Killing Rockley wouldn’t bring Edith Dalton back from the dead, but to her brother, it had to mean some measure of absolution. A man would do almost anything to achieve forgiveness.

“He’s going to be trickier to handle than the others,” Simon insisted. “Remember Fetcham? He was a bruiser, too, but when it came right down to it, he fell in line. Dalton’s far more dangerous.”

“I can handle him,” said Eva. “Thumbs to the eyes, a knee to the groin. He might be big and strong as a bull, but every man has vulnerable places.”

Passing lamplight glanced off the pristine planes of Simon’s face as he frowned his displeasure. He verged on being too handsome, if such a thing were possible, almost uncomfortable to look upon. To her, however, he was merely Simon, her colleague, the architecture of his face admirable but not stirring.

Not like Dalton. He wasn’t handsome, not in the known sense of it, anyway. Yet she couldn’t banish his face from her mind, its rough contours and hard lines. If Simon was a mathematically perfect temple, its columns placed precisely, the proportions expertly rendered, Dalton was a granite mountain, all crags and peril, alluring because it was hazardous. Both drew the eye, but for very different reasons.

“It’s not Dalton’s size or strength that has me concerned,” said Simon.

“A little credit, if you please.” Eva fixed him with a wry look. “I’m hardly the sort to be led astray by a suggestive remark or carnal glance.”

“No, you aren’t.”

At least there was no recrimination in Simon’s tone. Once, years ago, he’d intimated that he would like to take their relationship beyond the professional. She’d immediately quashed that idea. There had been some wounded feelings right after her refusal, but Simon’s speedy recovery had proven to her that, at most, he’d been mildly curious.

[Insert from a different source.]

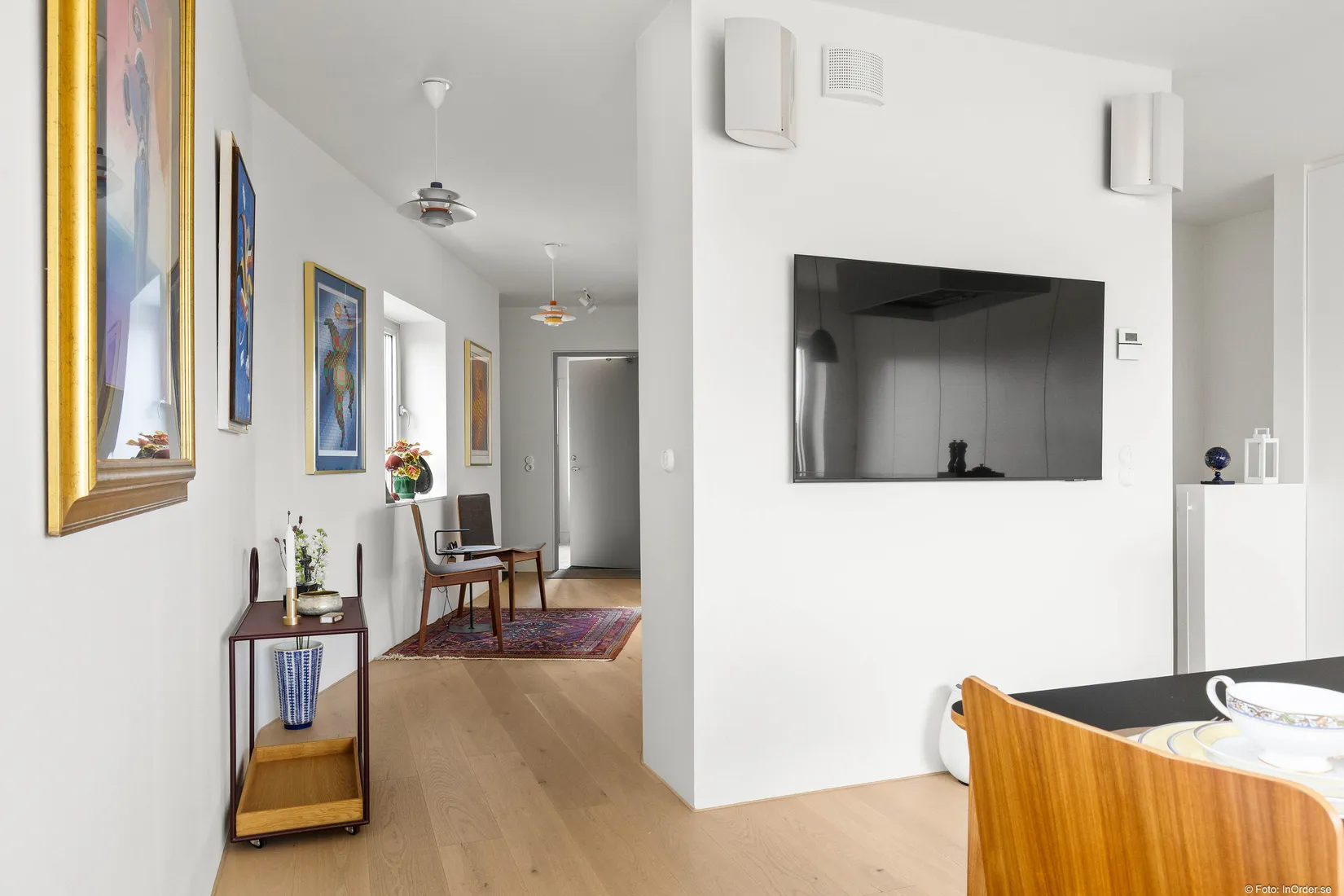 Bostadsrätt, Dammhejdegatan 45, Trädgårdsstaden , Ystad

Not enthralled. Not even enamored. She hadn’t been hurt by his quick rallying. If anything, it proved what she already knew—she was better off on her own, free of entanglements.

“Just … be wary around Dalton,” Simon pressed. “He’s got a way of looking at you.”

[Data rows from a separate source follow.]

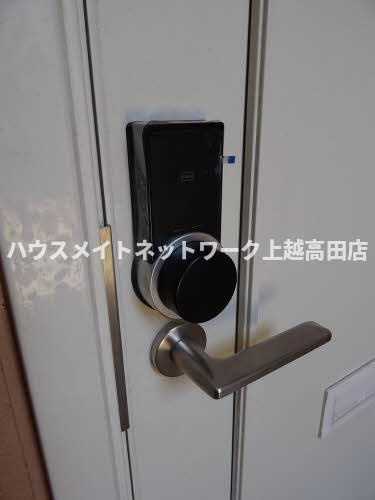 ぱれすよつやAのセキュリティ|スマートロック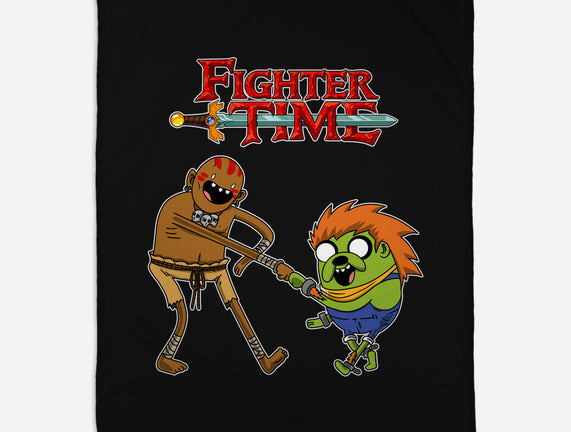 Fighter Time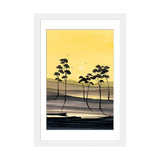 iCanvas "Yellow Hues" by Jan Matthews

Her heart gave a strange, small leap. “The man’s been in prison for five years. He’d look at a toothless crone the same way.”

This time it was Simon who was wry. “Believe it or not, but even in the depths of a man’s lust, he knows the difference between a beldam and a beauty.”

“How encouraging.”

Simon continued, “Dalton assuredly knows what he sees when he looks at you.”

The woman who’s got his baubles in her hand. Or is it more than that?

It didn’t matter. She was a dedicated operative. Dalton might be different from what she had anticipated, but she had a responsibility to Nemesis’s client and the greater good. He was simply another cog in the larger machine, a machine she was determined to run with the same capable skill she’d shown throughout her years with Nemesis.

The cab rolled to a stop outside the door to her lodgings. It was a perfectly respectable building in a perfectly respectable neighborhood; so respectable, in fact, that no one was awake to note that she wasn’t married to the man riding with her in the hansom. After bidding Simon good night, Eva climbed the front steps, then let herself in.

She walked up the two flights of stairs leading to her rooms. The ground floor was where her landlady, Mrs. Petworth, lived, along with Mrs. Petworth’s daughter. Miss Axford resided on the next story, a soft-spoken girl who worked at a stationer’s shop, as well as the Ratley cousins, both women employed as transcribing clerks at the same firm.